Furthermore, Broadcom’s acquisition of VMware has proven to be a masterstroke. By integrating AI networking at the virtualization layer, they have created a proprietary ecosystem that rivals Apple in its stickiness. Enterprise customers are no longer just buying a chip; they are buying a software defined data center that is optimized for the next generation of generative AI agents. This is the “tilt” F.L. Putnam identified. It is a move from the volatile, cyclical world of hardware sales to the stable, high margin world of integrated infrastructure.

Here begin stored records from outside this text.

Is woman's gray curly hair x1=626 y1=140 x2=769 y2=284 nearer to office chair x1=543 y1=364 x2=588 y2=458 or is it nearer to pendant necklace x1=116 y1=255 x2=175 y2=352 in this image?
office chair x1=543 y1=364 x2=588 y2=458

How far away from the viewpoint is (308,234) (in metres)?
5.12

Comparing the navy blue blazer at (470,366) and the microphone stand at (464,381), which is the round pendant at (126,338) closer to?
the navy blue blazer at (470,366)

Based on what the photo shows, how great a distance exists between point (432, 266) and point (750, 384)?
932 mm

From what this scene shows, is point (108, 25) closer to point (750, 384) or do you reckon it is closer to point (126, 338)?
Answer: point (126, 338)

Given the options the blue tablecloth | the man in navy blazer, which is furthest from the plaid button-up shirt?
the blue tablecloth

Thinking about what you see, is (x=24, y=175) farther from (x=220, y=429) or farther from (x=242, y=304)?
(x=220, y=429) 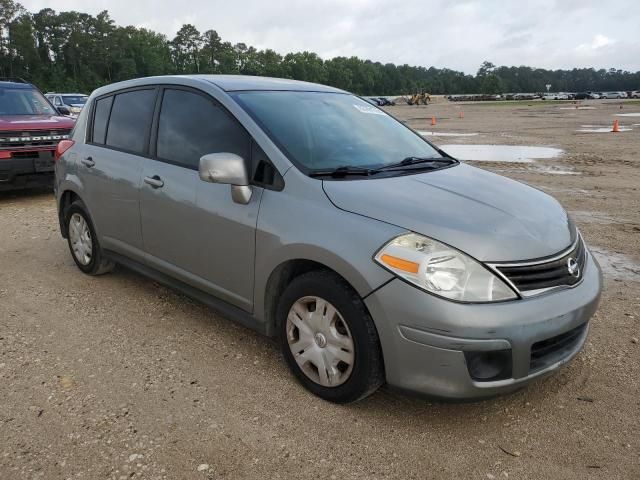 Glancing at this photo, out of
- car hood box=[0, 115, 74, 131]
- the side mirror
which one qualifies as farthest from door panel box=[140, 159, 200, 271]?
car hood box=[0, 115, 74, 131]

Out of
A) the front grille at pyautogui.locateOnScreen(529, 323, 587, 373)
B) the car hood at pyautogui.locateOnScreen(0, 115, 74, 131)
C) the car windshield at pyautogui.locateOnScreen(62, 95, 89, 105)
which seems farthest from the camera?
the car windshield at pyautogui.locateOnScreen(62, 95, 89, 105)

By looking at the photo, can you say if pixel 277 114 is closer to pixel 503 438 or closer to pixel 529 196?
pixel 529 196

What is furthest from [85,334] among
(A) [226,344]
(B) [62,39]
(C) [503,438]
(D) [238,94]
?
(B) [62,39]

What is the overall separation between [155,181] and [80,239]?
1.62 m

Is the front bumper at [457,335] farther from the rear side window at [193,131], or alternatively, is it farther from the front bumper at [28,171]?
the front bumper at [28,171]

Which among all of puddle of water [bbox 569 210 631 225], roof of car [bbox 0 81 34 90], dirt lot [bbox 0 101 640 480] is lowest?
dirt lot [bbox 0 101 640 480]

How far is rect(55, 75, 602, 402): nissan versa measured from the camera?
2.56 m

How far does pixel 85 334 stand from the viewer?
12.9 ft

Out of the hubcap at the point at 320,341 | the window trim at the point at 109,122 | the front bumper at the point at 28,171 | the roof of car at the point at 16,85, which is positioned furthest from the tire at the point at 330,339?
the roof of car at the point at 16,85

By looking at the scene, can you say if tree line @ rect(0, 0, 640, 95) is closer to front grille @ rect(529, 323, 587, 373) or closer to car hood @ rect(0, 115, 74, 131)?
car hood @ rect(0, 115, 74, 131)

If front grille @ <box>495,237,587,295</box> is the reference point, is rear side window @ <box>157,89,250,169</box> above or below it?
above

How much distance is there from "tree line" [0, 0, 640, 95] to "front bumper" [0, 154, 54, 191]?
3547 inches

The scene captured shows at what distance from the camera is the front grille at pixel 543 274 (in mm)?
2584

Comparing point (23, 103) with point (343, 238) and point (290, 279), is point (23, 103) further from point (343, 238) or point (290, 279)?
point (343, 238) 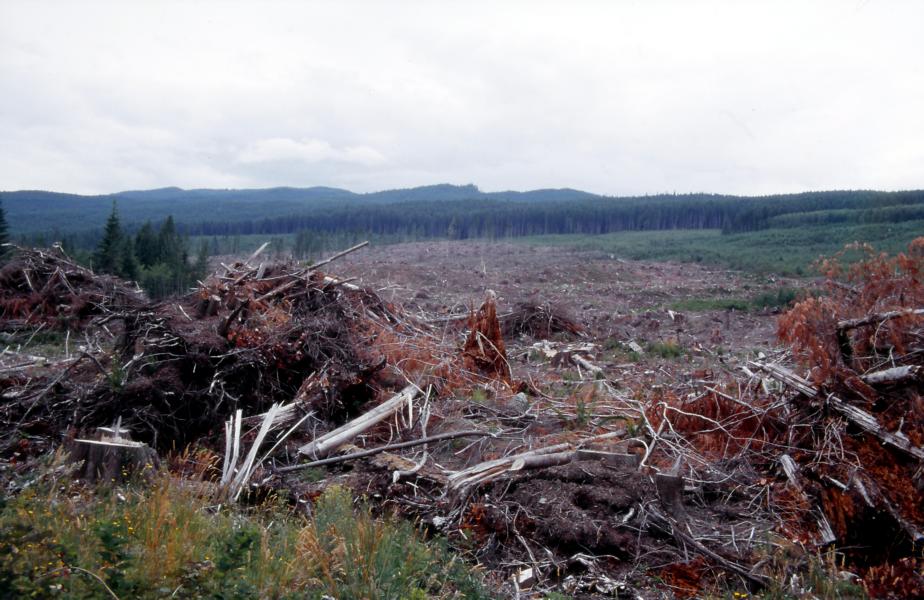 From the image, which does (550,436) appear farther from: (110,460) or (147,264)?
(147,264)

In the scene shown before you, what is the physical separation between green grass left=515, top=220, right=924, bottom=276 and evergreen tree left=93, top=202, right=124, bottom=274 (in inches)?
1212

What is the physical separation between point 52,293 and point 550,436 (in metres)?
11.8

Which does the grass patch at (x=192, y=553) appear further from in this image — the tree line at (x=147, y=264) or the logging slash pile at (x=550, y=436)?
the tree line at (x=147, y=264)

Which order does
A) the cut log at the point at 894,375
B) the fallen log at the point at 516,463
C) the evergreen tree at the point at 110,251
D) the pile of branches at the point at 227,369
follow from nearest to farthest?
the fallen log at the point at 516,463
the cut log at the point at 894,375
the pile of branches at the point at 227,369
the evergreen tree at the point at 110,251

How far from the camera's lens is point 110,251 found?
24.1 metres

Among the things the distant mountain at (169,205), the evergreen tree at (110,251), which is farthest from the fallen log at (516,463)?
the distant mountain at (169,205)

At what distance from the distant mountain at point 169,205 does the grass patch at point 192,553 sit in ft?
182

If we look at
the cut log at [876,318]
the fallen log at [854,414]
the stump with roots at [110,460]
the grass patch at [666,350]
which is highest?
the cut log at [876,318]

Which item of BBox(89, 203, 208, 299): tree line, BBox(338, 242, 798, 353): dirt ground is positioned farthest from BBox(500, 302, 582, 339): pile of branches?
BBox(89, 203, 208, 299): tree line

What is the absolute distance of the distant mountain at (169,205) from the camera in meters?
91.5

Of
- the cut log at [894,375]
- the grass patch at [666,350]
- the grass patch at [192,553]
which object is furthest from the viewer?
the grass patch at [666,350]

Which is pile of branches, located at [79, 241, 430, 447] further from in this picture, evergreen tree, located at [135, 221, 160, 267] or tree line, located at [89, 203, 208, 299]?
evergreen tree, located at [135, 221, 160, 267]

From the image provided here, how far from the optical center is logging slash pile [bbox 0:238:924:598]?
4.56 meters

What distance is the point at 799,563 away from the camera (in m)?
4.28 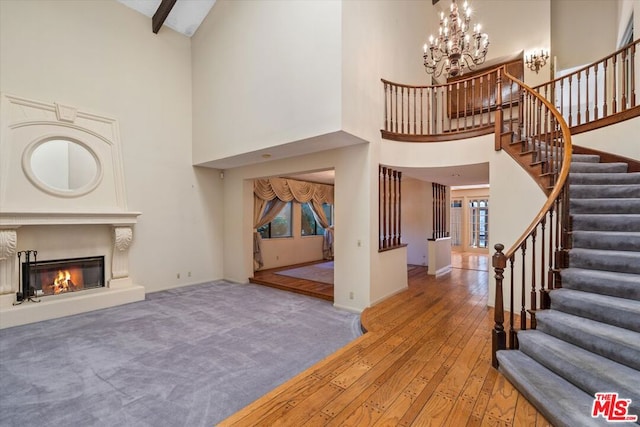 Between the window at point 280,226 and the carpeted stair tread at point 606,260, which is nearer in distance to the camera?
the carpeted stair tread at point 606,260

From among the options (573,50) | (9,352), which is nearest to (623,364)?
(9,352)

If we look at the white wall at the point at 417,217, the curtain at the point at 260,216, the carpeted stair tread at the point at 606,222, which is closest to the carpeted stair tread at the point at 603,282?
the carpeted stair tread at the point at 606,222

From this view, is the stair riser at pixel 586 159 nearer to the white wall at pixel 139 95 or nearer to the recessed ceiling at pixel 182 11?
the white wall at pixel 139 95

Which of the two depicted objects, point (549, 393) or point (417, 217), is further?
point (417, 217)

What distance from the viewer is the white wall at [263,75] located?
4098 mm

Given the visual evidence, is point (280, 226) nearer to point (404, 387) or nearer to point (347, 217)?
point (347, 217)

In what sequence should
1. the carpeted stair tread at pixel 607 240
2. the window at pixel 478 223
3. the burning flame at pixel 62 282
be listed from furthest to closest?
1. the window at pixel 478 223
2. the burning flame at pixel 62 282
3. the carpeted stair tread at pixel 607 240

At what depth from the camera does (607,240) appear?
286cm

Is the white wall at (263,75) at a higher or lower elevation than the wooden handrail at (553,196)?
higher

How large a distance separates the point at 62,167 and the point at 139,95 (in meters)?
1.88

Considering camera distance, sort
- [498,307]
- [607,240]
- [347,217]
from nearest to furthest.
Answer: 1. [498,307]
2. [607,240]
3. [347,217]

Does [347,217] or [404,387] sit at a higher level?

The next major milestone to watch will be the January 2026 CES announcements. We expect the first hardware specifications for the Google TPU v6 and the Meta MTIA v3 to be leaked or officially announced. If Broadcom is confirmed as the lead designer for both, the current valuation gap between Broadcom and Nvidia will likely close entirely. Watch the 10 year Treasury yield closely; if rates continue to stabilize, the capital expenditure cycle for custom silicon will accelerate even further into the first quarter of the new year.